Cataluña modificará el toque de queda antes de que acabe el estado de alarma

La Generalitat ha explicado que la someterán a revisión “constantemente para adaptarla a la situación epidemiológica”

La consellera de Salud de la Generalitat, Alba Vergés, acompañada por el secretario de Salud Pública, Josep Maria Argimon
La consellera de Salud de la Generalitat, Alba Vergés, acompañada por el secretario de Salud Pública, Josep Maria ArgimonDAVID BORRATEFE

En apenas cuatro semanas, el 9 de mayo, finaliza el estado de alarma y el Gobierno ya ha anunciado que no se renovará. Una de las restricciones principales que se verá afectada será el toque de queda, ya que, a priori, quedará sin amparo legal. En este sentido, Marc Ramentol, secretario general de Salud de la Generalitat, ha asegurado que el 9 de mayo “ni mucho menos habrá terminado la emergencia pandémica en Cataluña”. En una entrevista de Catalunya Ràdio ha dicho, sin embargo, que “esta es una medida para la que no sé si hace falta esperar al 9 de mayo”.

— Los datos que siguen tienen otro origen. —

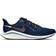 Nike Air Zoom Vomero 14 Coastal Blue Men's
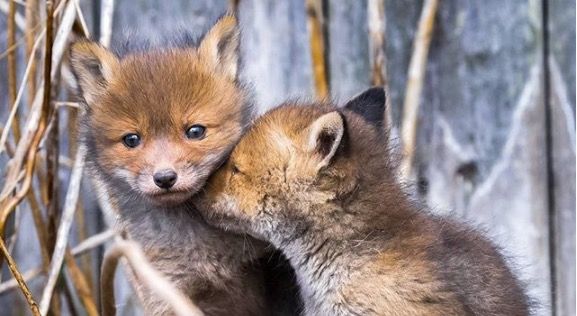 Ossi Saarinen - fox cubs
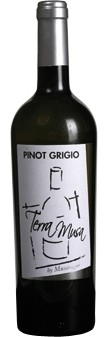 Pinot Grigio Venezia DOC 2022 Terra Musa (im 6er Karton)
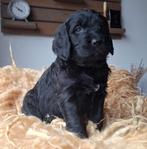 Labradoodle x  Bloedhond / Grote Zwitserse Senner pups, Parvo, 8 tot 15 weken, Meerdere, Meerdere dieren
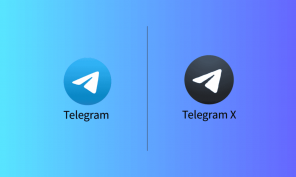 텔레그램과 텔레그램 X의 차이점은 무엇입니까?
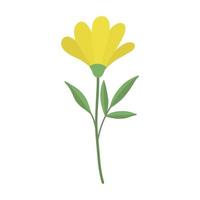 A delicate sprig of yellow flowers. Vector illustration of vintage cute yellow flowers. Delicate flower for decoration. Isolated.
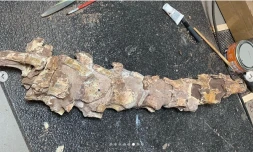 Hérault : il promÚne son chien et tombe sur un os de dinosaure vieux de 70 millions d'années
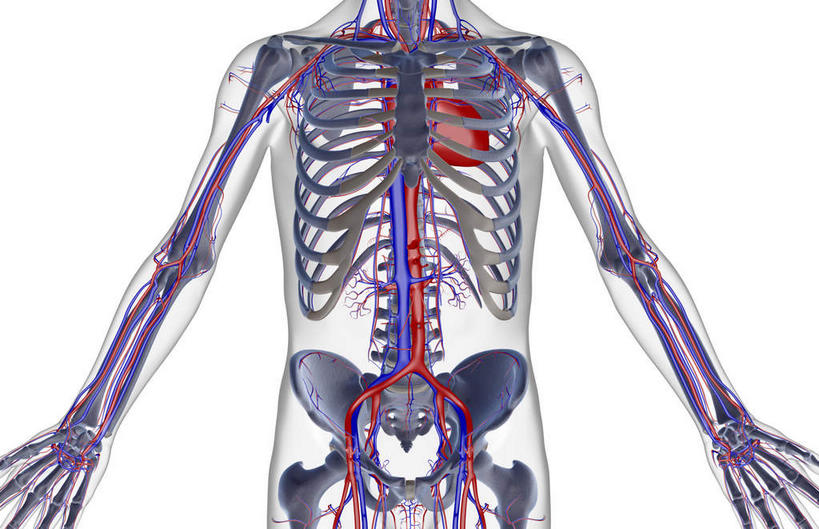 动脉,静脉,骨骼,无人,横图,室内,白天,白色背景,正面,数码,科技,静物,阴影,网络,医学,骨头,高光,几何,计算机图形,合成,模型,人体,皮肤,电脑合成图,数码合成图,骨架,生物学,生理学,写实,具体,具象,髂动脉,髂外动脉,髂外静脉,下腔静脉,降主动脉,半身,彩图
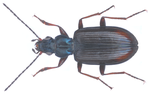 Miniatura para Bembidion fasciolatum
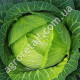 Капуста Невестка F1 0.5 г Gl Seeds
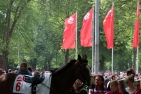 Galopp in Dortmund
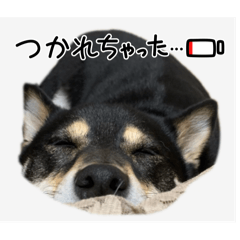 marukesuyan
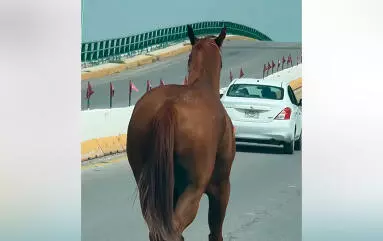 El también excontralor de Monclova publicó en su página de Facebook el trote del caballo con la canción “Sí señor yo soy de rancho, de botas y a caballo”.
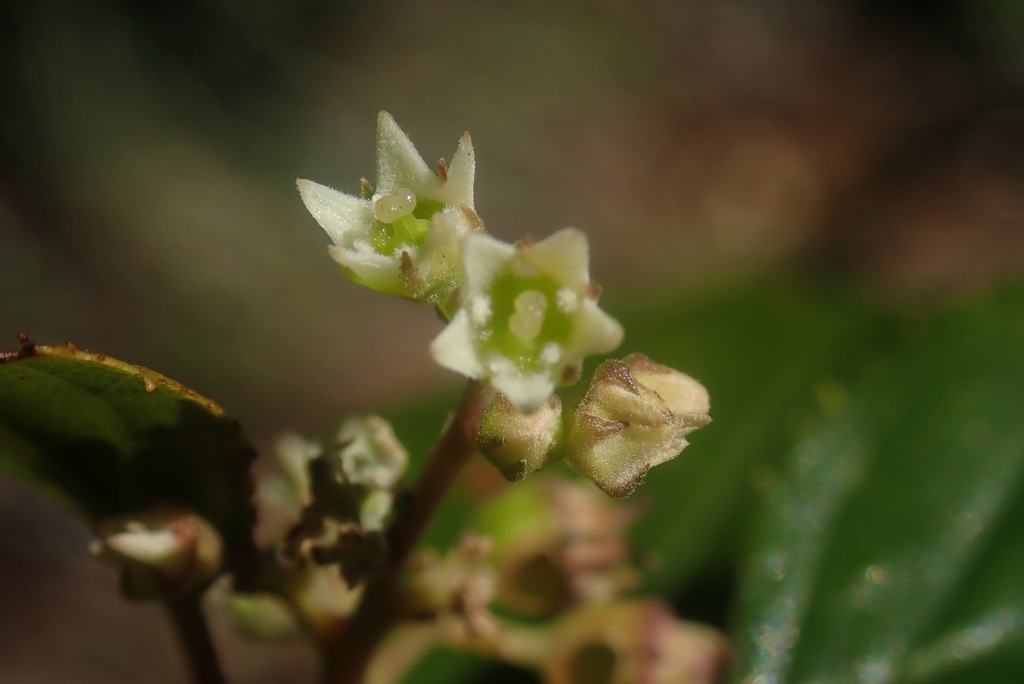 Curtisia (Curtisia dentata)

Ha explicado que la someterán a revisión “constantemente para adaptarla a la situación epidemiológica” de cada momento antes de esa fecha, y ha destacado que pese a ser una medida efectiva está afectando a nivel emocional de la ciudadanía. El secretario de Salud afirmó que el toque de queda “ha sido una medida efectiva”, pero ha insistido en que afecta emocionalmente la población y ha abierto la puerta a revisarla antes del fin del estado de alarma. En este sentido, también ha asegurado que la medida continuará en revisión y, a partir del 9 de mayo, si sigue siendo necesaria, estudiarán qué mecanismos legales se aplicarán en caso de que la pandemia no esté más controlada.

Ramentol también ha recordado que aún se está lejos de la inmunidad de grupo: “El 9 de mayo estaremos un poco mejor, pero la emergencia pandémica no se habrá acabado”. Sobre el proceso de reapertura, el secretario destacó que es posible que el 26 de abril se pueda reanudar el proceso de reapertura: “Si los números acompañan”.

También ha criticado que el Gobierno no tenga previsto prorrogar el estado de alarma más allá del 9 de mayo, porque para ese entonces los datos epidemiológicos podrán estar mejor “pero ni mucho menos habrá terminado la emergencia pandémica”.